If you suffer from migraine, particularly high-frequency episodic migraine (HFEM), you are well aware of how incapacitating and life-altering it can be. According to the American Migraine Foundation, migraine is the world's sixth biggest cause of disability. You'll have between eight and fourteen migraine days every month if you have HFEM, so it can feel like the next one is just around the corner, waiting to strike. To stop a migraine before it starts, you'll need a proactive strategy. Here are some expert tips on how to achieve precisely that.

Understand What Migraine Really Is
The term "migraine" is frequently abused to describe someone who is suffering from a severe headache. However, migraine, particularly high-frequency migraine, can cause more than just head pain, prompting nausea, focusing difficulties, light sensitivity, vision impairments, and mood concerns.

Migraine is caused by a mix of genetic susceptibility, psychological factors (such as stress or bad habits), and coexisting illnesses (like anxiety and mood disorder).
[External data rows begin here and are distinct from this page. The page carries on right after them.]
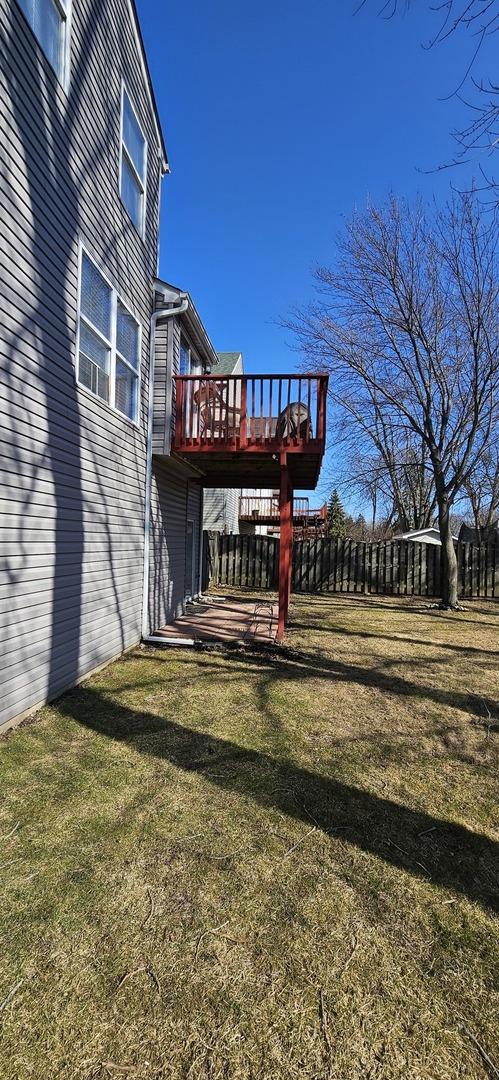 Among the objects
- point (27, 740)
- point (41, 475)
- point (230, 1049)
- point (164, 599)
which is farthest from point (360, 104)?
point (230, 1049)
When you combine the two, you have a great recipe for repeated migraine attacks. So, figuring out what's causing your migraine could help you control it.

Be Mindful of Potential Triggers
First and foremost: your triggers are completely unique to you (for example, pizza may be a trigger for you, while bright light may be a trigger for someone else), but they do not cause your migraine headache. Triggers merely increase your odds of getting one.
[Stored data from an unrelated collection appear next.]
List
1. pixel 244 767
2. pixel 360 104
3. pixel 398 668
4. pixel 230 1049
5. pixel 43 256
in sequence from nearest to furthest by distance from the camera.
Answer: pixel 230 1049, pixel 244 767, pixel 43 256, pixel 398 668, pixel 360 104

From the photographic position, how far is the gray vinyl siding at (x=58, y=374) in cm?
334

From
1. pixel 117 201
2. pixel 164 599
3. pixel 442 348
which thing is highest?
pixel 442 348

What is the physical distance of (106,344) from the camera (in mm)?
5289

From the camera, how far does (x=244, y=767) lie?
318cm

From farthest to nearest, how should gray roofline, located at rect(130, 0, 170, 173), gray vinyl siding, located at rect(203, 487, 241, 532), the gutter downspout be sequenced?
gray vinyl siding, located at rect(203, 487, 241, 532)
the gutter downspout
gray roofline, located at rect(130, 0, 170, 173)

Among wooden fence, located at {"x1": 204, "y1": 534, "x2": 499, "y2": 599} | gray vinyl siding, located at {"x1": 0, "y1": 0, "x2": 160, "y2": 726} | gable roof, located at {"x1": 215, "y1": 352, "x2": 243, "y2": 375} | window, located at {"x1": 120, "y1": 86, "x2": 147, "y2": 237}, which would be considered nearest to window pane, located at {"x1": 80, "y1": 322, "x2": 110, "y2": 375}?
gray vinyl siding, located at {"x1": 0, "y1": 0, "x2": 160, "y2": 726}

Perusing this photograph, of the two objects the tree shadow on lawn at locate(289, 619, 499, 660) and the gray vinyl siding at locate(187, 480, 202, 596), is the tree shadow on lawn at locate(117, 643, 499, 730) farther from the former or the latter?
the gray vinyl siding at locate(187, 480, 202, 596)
Living successfully with migraine is a personal experience that leads to a better understanding of how your biology works on a day-to-day basis. Those who suffer from migraines learn to pay attention to how they think, play, eat, and socialize in order to preserve their nerve systems.

Track Your Triggers With an App
According to studies published in the journal Current Pain and Headache Reports, common migraine triggers include stress, weather changes, sleeping troubles, alcohol, menstruation cycles, and food. Do you want to start keeping note of your triggers? BonTriage and Migraine Buddy are two apps that make it simple to do so. You might be able to identify trends if you log each episode as it happens. It's possible that that post-work vinos and that hour-long gram-scrolling session weren't that good for you after all.

Medicate, Hydrate, and Eat Well
You can prevent a migrane by eating well, hydrating with at least 8 glasses of water a day, and medicating with your migraine prescription. You can also treat a Migraine this way.

Make Sleep Hygiene a Priority
The link between sleep and migraine is clear, according to the journal Headache, as patients frequently report poor sleep before migraine attacks. As a result, sleeping should be a top priority for migraineurs, both in general and while a migraine is on the way. Get to bed on time, establish a consistent sleep regimen, and stick to it. It's simple but crucial. Do you need any sleep hygiene advice? Create a pre-sleep ritual, make your bedroom really cozy, get rid of phones in bed, only get under the sheets when it's time to sleep, get out of bed if you can't sleep.

Mitigate Your Migraine Hangover
Around 80% of people suffer from debilitating migraine "hangovers" (also known as postdrome), which occur after the migraine has passed. Isn't it amusing? For up to two days thereafter, you may feel sluggish and out of sorts. This is sometimes just a side effect of the migraine, but it can also be the result of taking too much medicine.

The American Migraine Foundation recommends avoiding additional triggers, staying hydrated, controlling stress, and limiting your use of electronic devices during this time. Moving around can also be beneficial. A regular yoga practice (together with medicine) has been demonstrated to lower migraine frequency and intensity, according to the International Journal of Yoga.

Author's Bio: 

I am Amelia Grant, journalist, and blogger. I think that information is a great force that is able to change people’s lives for the better. That is why I feel a strong intention to share useful and important things about health self-care, wellness and other advice that may be helpful for people. Being an enthusiast of a healthy lifestyle that keeps improving my life, I wish the same for everyone.